Optimally detecting uniformly-distributed $\ell_2$ heavy hitters in data streams

from arxiv, In this version, we remove our previous result for random-order streams after becoming aware that it had already appeared in prior work by Braverman, Garg, and Woodruff [2020]. We now properly cite their result and present only our new contribution concerning partially random-order streams

Given a stream $x_1,x_2,\dots,x_n$ of items from a Universe $U$ of size poly$(n)$, and a parameter $ε>0$, an item $i\in U$ is said to be an $\ell_2$ heavy hitter if its frequency $f_i$ in the stream is at least $\sqrt{εF_2}$, where $F_2={\sum_{i\in U} f_i^2}$. Efficiently detecting such heavy hitters is a fundamental problem in data streams and has several applications in both theory and in practice. The classical $\mathsf{CountSketch}$ algorithm due to Charikar, Chen, and Farach-Colton [2004], was the first algorithm to detect $\ell_2$ heavy hitters using $O\left(\frac{\log^2 n}ε\right)$ bits of space, and their algorithm is optimal for streams with deletions. A work due to Braverman, Chestnut, Ivkin, Nelson, Wang, and Woodruff [2017] gave the $\mathsf{BPTree}$ algorithm which detects $\ell_2$ heavy hitters in insertion-only streams using only $O\left(\frac{\log(1/ε)}ε\log n \right)$ space. Note that any algorithm requires at least $Ω\left(\frac{1}ε \log n\right)$ space to output $O(1/ε)$ heavy hitters in the worst case. While $\mathsf{BPTree}$ achieves optimal space bound for constant $ε$, their bound could be sub-optimal for $ε=o(1)$. For $\textit{random order}$ streams, where the stream elements can be adversarial but their order of arrival is uniformly random, Braverman, Garg, and Woodruff [2020] showed that it is possible to achieve the optimal space bound of $O\left(\frac{1}ε \log n\right)$ for every $ε= Ω\left(\frac{1}{2^{\sqrt{\log n}}}\right)$. In this work, we generalize their result to $\textit{partially random order}$ streams where only the heavy hitters are required to be uniformly distributed in the stream. We show that it is possible to achieve the same space bound, but with an additional assumption that the algorithm is given a constant approximation to $F_2$ in advance.
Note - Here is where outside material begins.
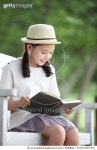 LS1101809-001 | 게티이미지코리아 | 공원 벤치에 앉아 책을 읽는 여자어린이 Rights-Managed 이미지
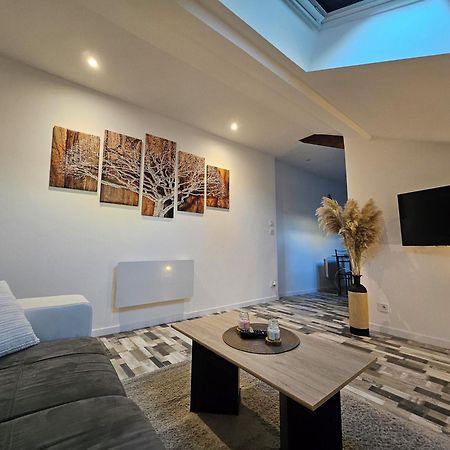 Joli Appartement Mansarde Decize Εξωτερικό φωτογραφία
翻译：给定一个来自规模为 poly$(n)$ 的论域 $U$ 的数据流 $x_1,x_2,\dots,x_n$，以及参数 $ε>0$，若项 $i\in U$ 在流中的频率 $f_i$ 至少为 $\sqrt{εF_2}$，其中 $F_2={\sum_{i\in U} f_i^2}$，则称该项为 $\ell_2$ 频繁项。高效检测此类频繁项是数据流中的一个基本问题，在理论和实践中均有多种应用。由 Charikar、Chen 和 Farach-Colton [2004] 提出的经典 $\mathsf{CountSketch}$ 算法是首个使用 $O\left(\frac{\log^2 n}ε\right)$ 比特空间检测 $\ell_2$ 频繁项的算法，并且对于包含删除操作的流，该算法是最优的。Braverman、Chestnut、Ivkin、Nelson、Wang 和 Woodruff [2017] 的工作提出了 $\mathsf{BPTree}$ 算法，该算法仅使用 $O\left(\frac{\log(1/ε)}ε\log n \right)$ 空间在仅插入流中检测 $\ell_2$ 频繁项。注意，在最坏情况下，任何算法至少需要 $Ω\left(\frac{1}ε \log n\right)$ 空间来输出 $O(1/ε)$ 个频繁项。虽然 $\mathsf{BPTree}$ 在 $ε$ 为常数时达到了最优空间界，但对于 $ε=o(1)$，其界可能是次优的。对于 $\textit{随机顺序}$ 流，即流元素可以是敌意的，但其到达顺序是均匀随机的，Braverman、Garg 和 Woodruff [2020] 表明，对于每个 $ε= Ω\left(\frac{1}{2^{\sqrt{\log n}}}\right)$，都有可能实现 $O\left(\frac{1}ε \log n\right)$ 的最优空间界。在本工作中，我们将他们的结果推广到 $\textit{部分随机顺序}$ 流，其中仅要求频繁项在流中均匀分布。我们证明，在算法预先获得 $F_2$ 的一个常数近似值的额外假设下，可以实现相同的空间界。